Perhaps you could implement the Quasi Hyperbolic Momentum? (Only part missing) and make it modular like RAdam and LookAhead? (Or see if your current version will stack together!)

2 Likes

Haha nice, lets see what a proper implementation looks like :smiley: will see if I can figure a good way to add QH

1 Like

Fit_fc is now in there too as fit_flat_cos (thanks sgugger!)

I believe (if I read it right) you can do: Learner.fit_flat_cos

I’ll port over a notebook to run them all on my v2 repo here in the next few days for ImageWoof :slight_smile:

Also just saw that the Simple Self Attention layer got added too :slight_smile:

@Diganta and mish! (Swish too) :wink:

4 Likes

Was trying to study the use of Mish in case of transfer learning i.e. only using Mish in the last FC layers. I tested with a pretrained Resnet50 and against ReLU on CIFAR10 and CIFAR100. Although the results are quite similar but there was marginal improvements when using Mish. The runs were only for 10 epochs and only 1 Mish activation function was used in the entire network. But the results did show promise and I observed we can get some improvements just by changing from ReLU to Mish in the head of the model in case of pretrained models.

Also, all the parameters were kept the same. So just be replacing ReLU I got some improvements. There was one problem though, Mish overfitted quickly when using higher learning rate, which maybe due to not finding the best parameters.

I also wrote a medium post for the same.

5 Likes

Can someone help me with this issue over here - https://github.com/AlexeyAB/darknet/issues/3994
Commit - https://github.com/AlexeyAB/darknet/commit/bf8ea4183dc265ac17f7c9d939dc815269f0a213
Mish was added to DarkNet however in practical usage it is giving NaN. Would appreciate if someone can point out if there is any mistake with the implementation.
Thanks!

@Diganta and others I have a question. I have seen this being discussed around and wanted to know which would be better. To use a pretrained resnet with ReLU activations and only have Mish on our head? Or to replace all activations with Mish and load the pre-trained model in. Thoughts?

2 Likes

That implementation is not at all numerically stable.
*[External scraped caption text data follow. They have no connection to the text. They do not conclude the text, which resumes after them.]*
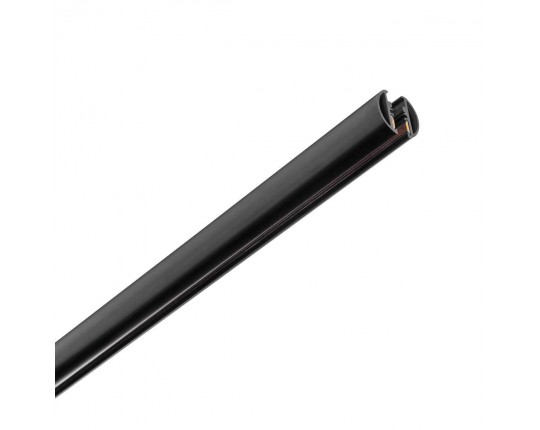 Шинопровод Lightstar Linea 506437 Шинопровод Lightstar Linea 506437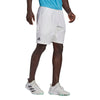 Adidas Ergo 7" Short (M) (White)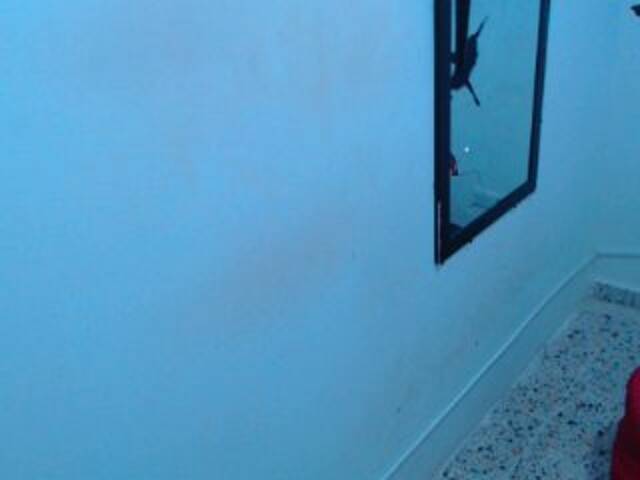 Sändningsbilder nenahot374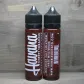Рідина для електронних сигарет Havana - Cherry Tobacco 3mg 60ml - фото 5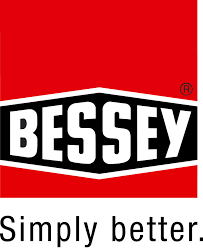 bessey.png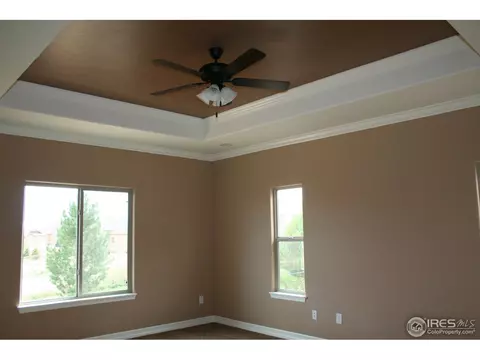 3213 Timeless Trl, Berthoud, CO 80513 photo 10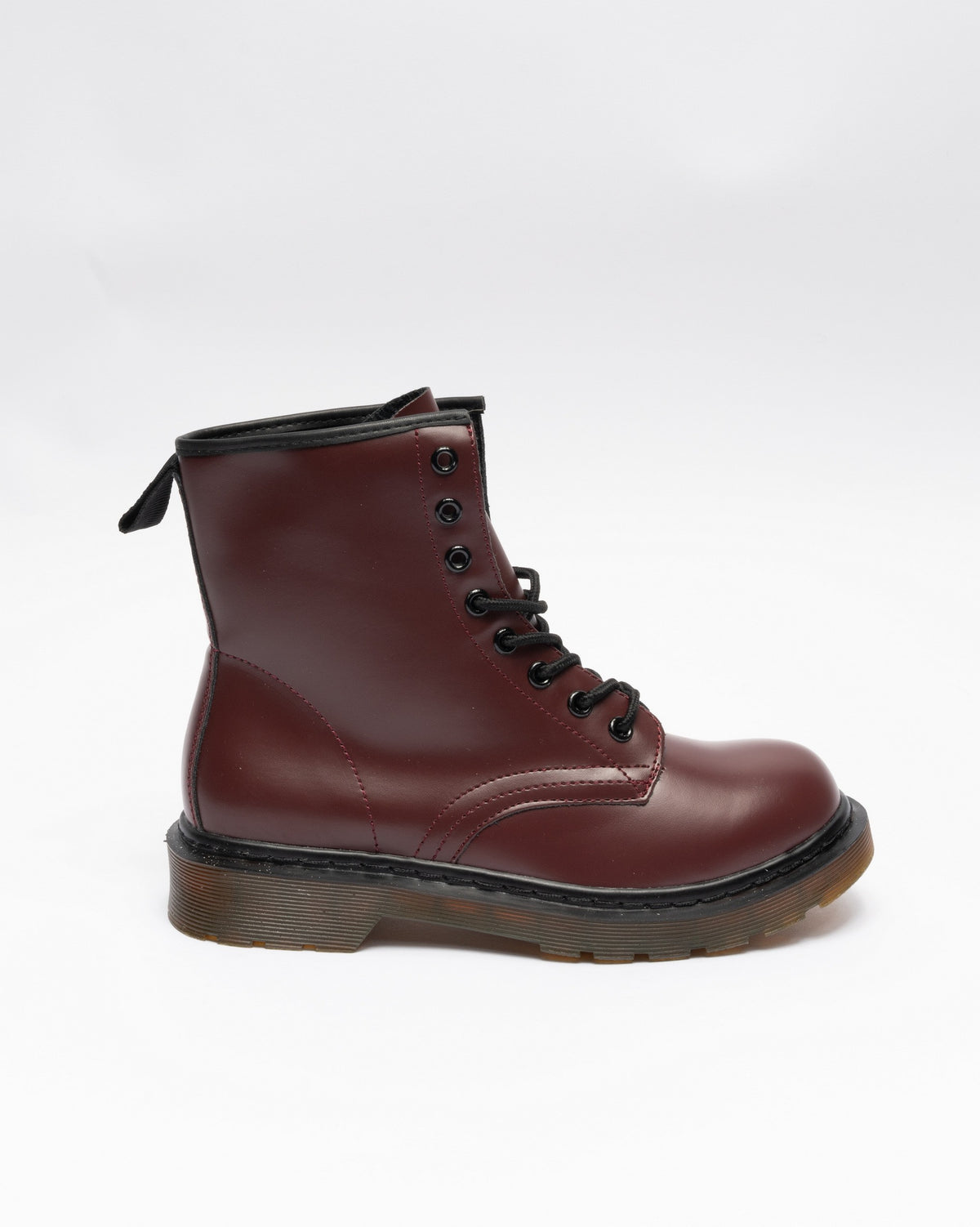 immagine-1-sstore-stivaletto-anfibio-in-ecopelle-bordeaux-stivaletti-mt88_bordeaux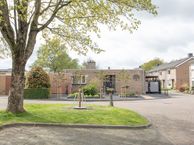 Prinsenkamp 32, 7681 BE Vroomshoop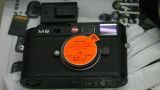 Jan-31-³õÁù/Leica M8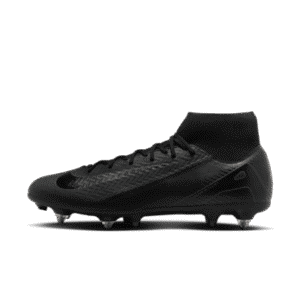 Nike Mercurial Superfly 10 Academy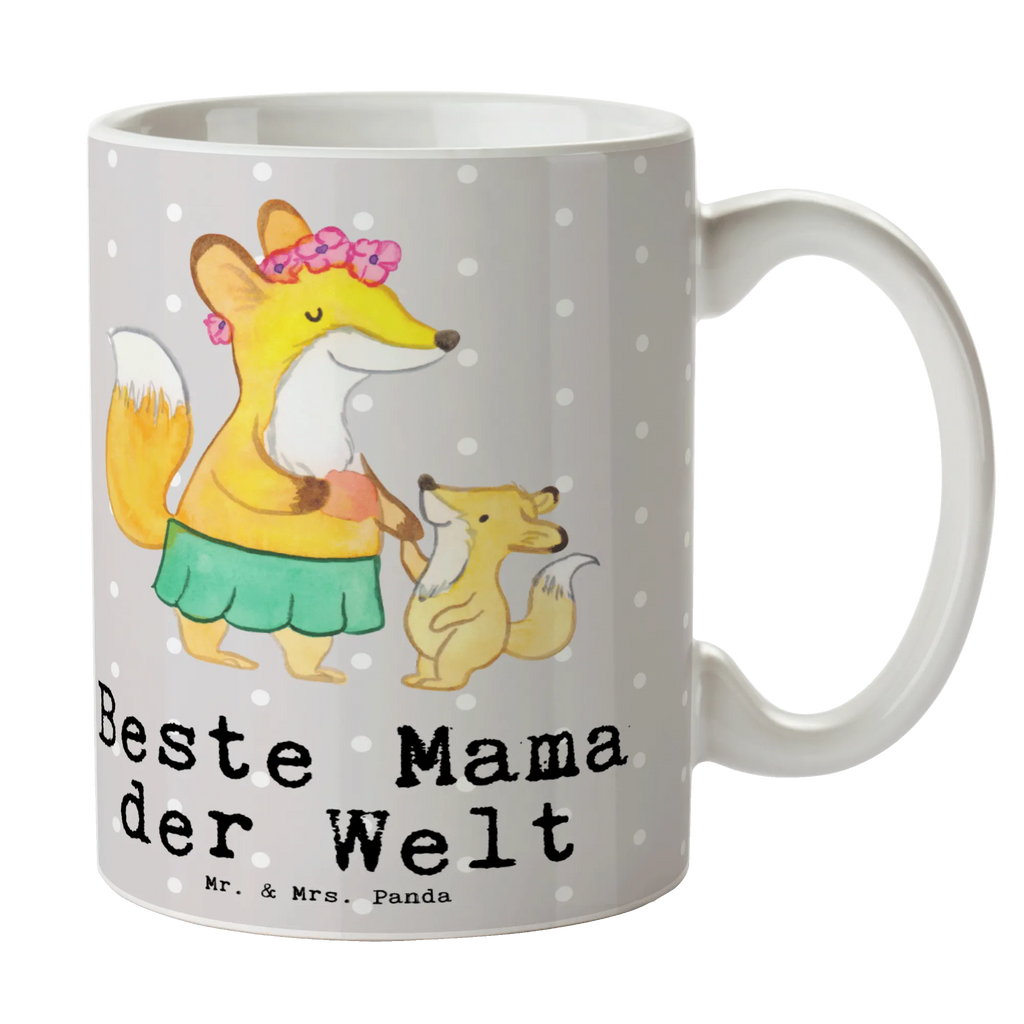 Mug Fox best mom in the world Teetasse, Keramiktasse, Kaffeetasse, Tasse, Geschenktasse, Tasse mit Zitaten, Porzellantasse, Tasse mit Motiven, Bürotasse, für, Dankeschön, Geschenk, Schenken, Geburtstag, Geburtstagsgeschenk, Geschenkidee, Danke, Bedanken, Mitbringsel, Freude machen, Geschenktipp, Mutter, Mami, Ma, Muttertag, Tochter, Mutti, Mama, Beste Mama, Beste, Supermama, Sohn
All the exps quickly lead to overflow and hence NaN. Should be possible to adapt either the Eigen based implementation from tensorflow contrib or my mostly pure C++ implementation (mostly as it’s using the PyTorch dispatch/templating but is otherwise standard C++). The TF one is probably slightly more stable given handling of both underflow and overflow but will require more adaptation to remove the Eigen dependency.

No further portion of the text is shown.